Procedure for Determining Moment of Inertia

The main assumption in the following procedure is that the planet behaves like a fluid (flows viscously) over long periods of time (e.g., a million years). This is called the hydrostatic assumption. This is a reasonable assumption for rocky planets, which have mantle compositions similar to the Earth.

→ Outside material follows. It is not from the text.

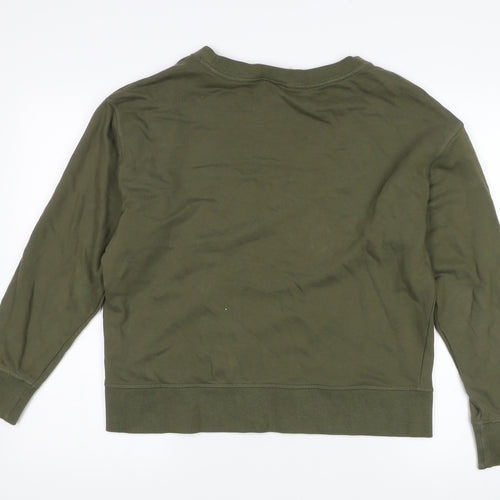 Basic Green Cotton Pullover Sweatshirt Size 12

• The shape of spinning planets is that of an oblate spheroid that is slightly broader at the equator and shorter at the poles. The oblate shape is quantified by the the flattening, $$f$$. The flattening of a rotating, fluid planet, with a polar radius, $$c$$, and equatorial radius, $$a$$, is given by:

$f=\frac{a-c}{a}$

The equatorial radius is larger because the spinning motion of the planet (centripetal force) causes mass to move to the equator and away from the poles. While this is a simple equation, it is actually not easy to get accurate measurements of the equatorial and polar radii of a planetary object. However, the flattening can be determined by measuring the gravitational potential field, which will mimic the oblate shape of the planet, through the orbit of satellites or an orbiter. The orbit will be perturbed by the non-spherical potential field, and these perturbations can be related to the actual shape of the gravitational potential.

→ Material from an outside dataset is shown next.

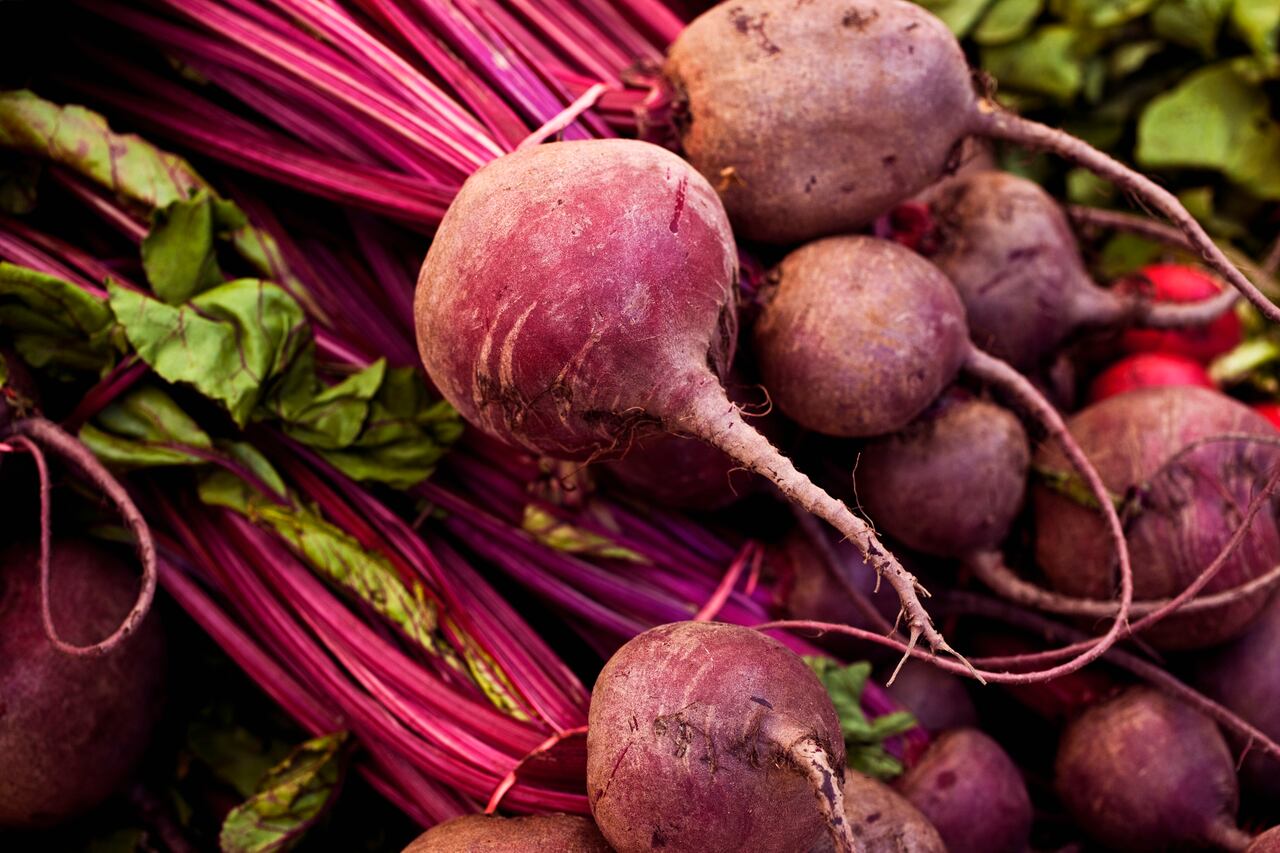 Beets at the farmers market, macro, shallow focus.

The shape of the gravitational potential field is usually expressed in terms of functions called spherical harmonics. Think of these as sines and cosines, but instead of depending on just one angle, they depend on both longitude and latitude. It is possible to use an infinite sum of sines and cosines, of varying frequency and amplitude, to represent any other function that depends on just one variable. Likewise, it is possible to represent any 3D field in spherical coordinates using an infinite sum of spherical harmonics. It turns out that if you do this, the amplitude of the third term in the sum is directly related to the flattened (oblate) shape of an object. This term, called the ellipticity coefficient, is usually given the symbol, $$J_2$$, and depends on two of the moments of inertia of the object,

$J_2 = \frac{C-A}{Ma^2}$

Therefore, by measuring the orbits of satellite, we can get a first-order estimate of the flattening by just keeping two terms from the spherical harmonic representation of the gravity field,

$f_{hyd}\approx\frac{3}{2}J_2+\frac{1}{2}\frac{a^3\omega^2}{2GM} \label{fhyd}$

However, remember that we are trying to determine the internal layering structure of a planet, so we are interested in the moment of inertia $$\frac{C}{Ma^2}$$, but the ellipticity depends on two moments, $$C$$ and $$A$$. Therefore, planetary scientists came up with another, approximate, way to express the flattening that only depends on $$\frac{C}{Ma^2}$$. You know it is not easy to come up with the approximation by the fact that this equation has a name, the Darwin-Radau Approximation (not the Darwin of survival of the fittest).

• The Darwin-Radau Approximation provides a second approximate expression for the hydrostatic flattening,

$f_{hyd} \approx \frac{\frac{5}{2}\frac{a^3\omega^2}{GM}}{1+\frac{25}{4}\left(1-\frac{3}{2}\frac{C}{Ma^2}\right)^2}$

In this equation, everything can be measured/observed, including $$f_{hyd}$$ from equation \ref{fhyd}, which means that the equation can be used to solve for the moment of inertia factor $$\frac{C}{Ma^2}$$,

$\frac{C}{Ma^2} \approx \frac{2}{3}\left(1-\sqrt{\frac{2}{5}\frac{\frac{a^3\omega^2}{GM}}{f_{hyd}}-\frac{4}{25}}\right)$

Using this equation, with observations of the planetary mass, the equatorial radius and $$f_{hyd}$$ from the gravitational potential field, the moment of inertia factor of the planet can be determined. With this information, simple models of the the two layered structure can be made that also match the total mass of the planet. It is usually necessary to also have some educated guesses as to the expected average density of the mantle and the core.